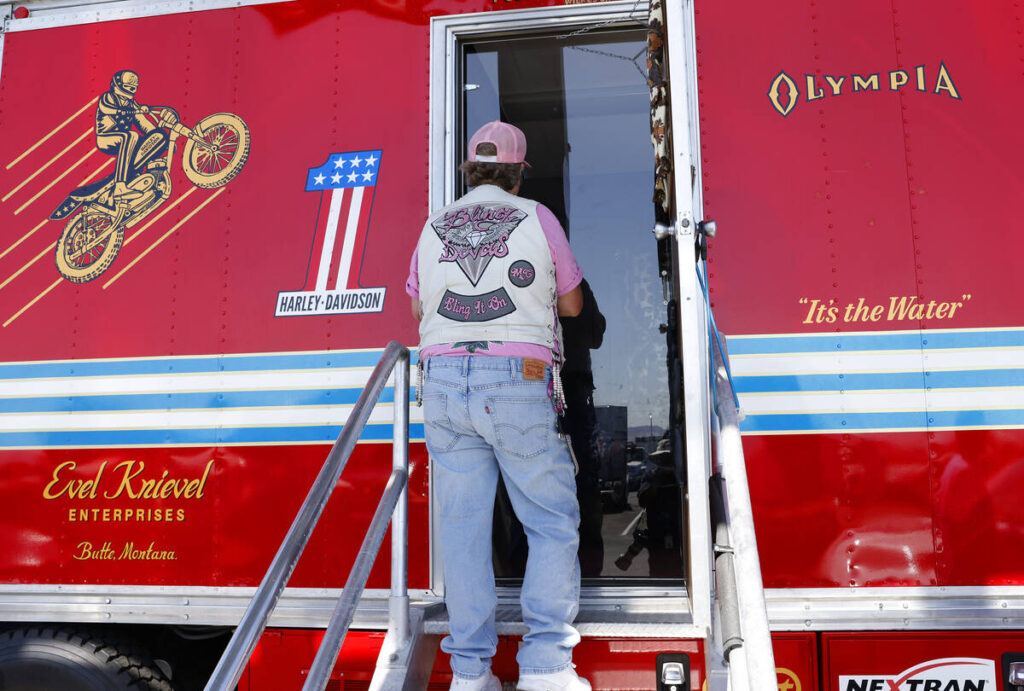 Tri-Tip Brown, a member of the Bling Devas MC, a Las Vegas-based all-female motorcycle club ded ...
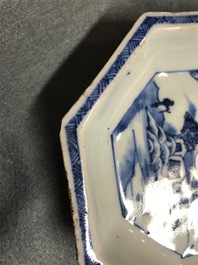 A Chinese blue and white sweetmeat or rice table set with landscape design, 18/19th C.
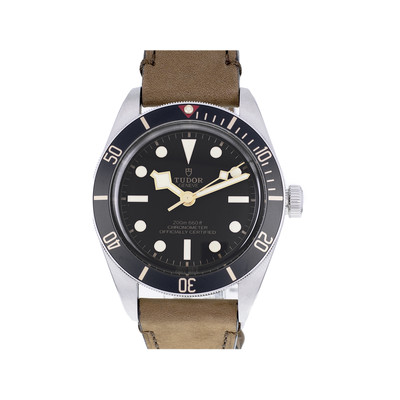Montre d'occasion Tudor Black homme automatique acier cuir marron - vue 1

= = = = =

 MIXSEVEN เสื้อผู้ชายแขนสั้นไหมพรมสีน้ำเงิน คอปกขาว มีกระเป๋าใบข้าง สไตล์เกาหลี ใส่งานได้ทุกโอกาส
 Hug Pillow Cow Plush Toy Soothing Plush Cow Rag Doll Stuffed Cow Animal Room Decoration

= = = = =

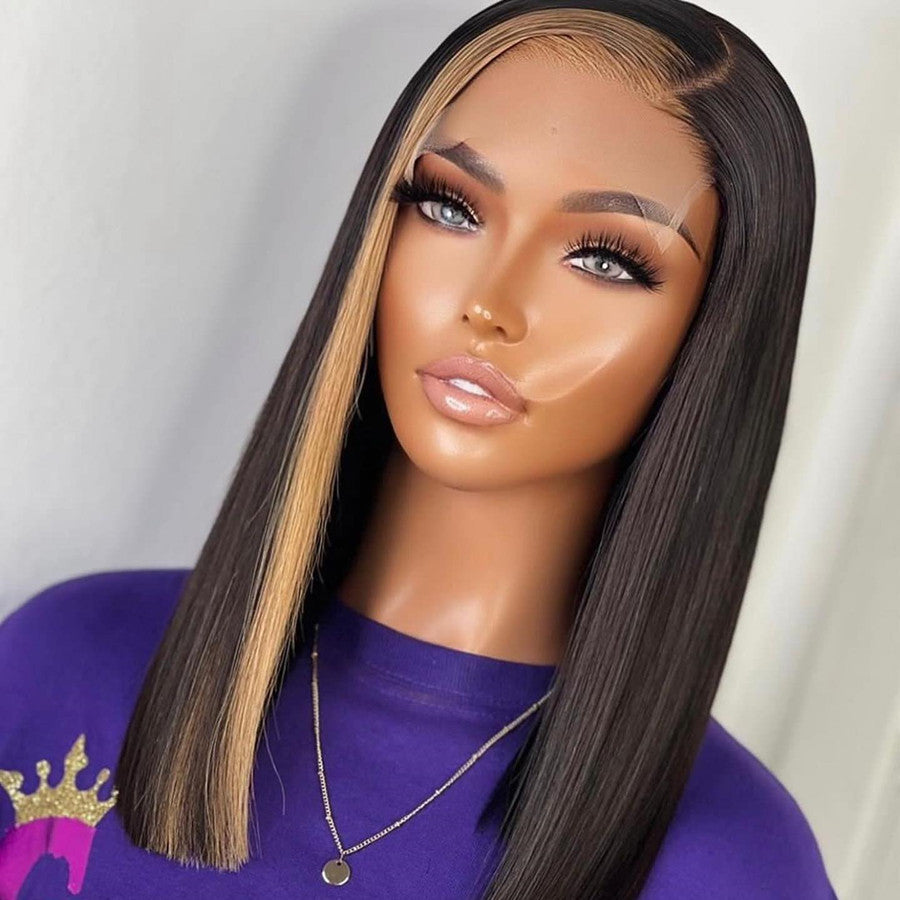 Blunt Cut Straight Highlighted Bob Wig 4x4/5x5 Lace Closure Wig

= = = = =

Give back exactly, and solely, the section of the data above bounded by the line containing "Tri-Tip Brown, a" and the line containing "Montre d'occasion Tudor", both bounding lines included and pictures omitted.

 Tri-Tip Brown, a member of the Bling Devas MC, a Las Vegas-based all-female motorcycle club ded ...
 A Chinese blue and white sweetmeat or rice table set with landscape design, 18/19th C.
Montre d'occasion Tudor Black homme automatique acier cuir marron - vue 1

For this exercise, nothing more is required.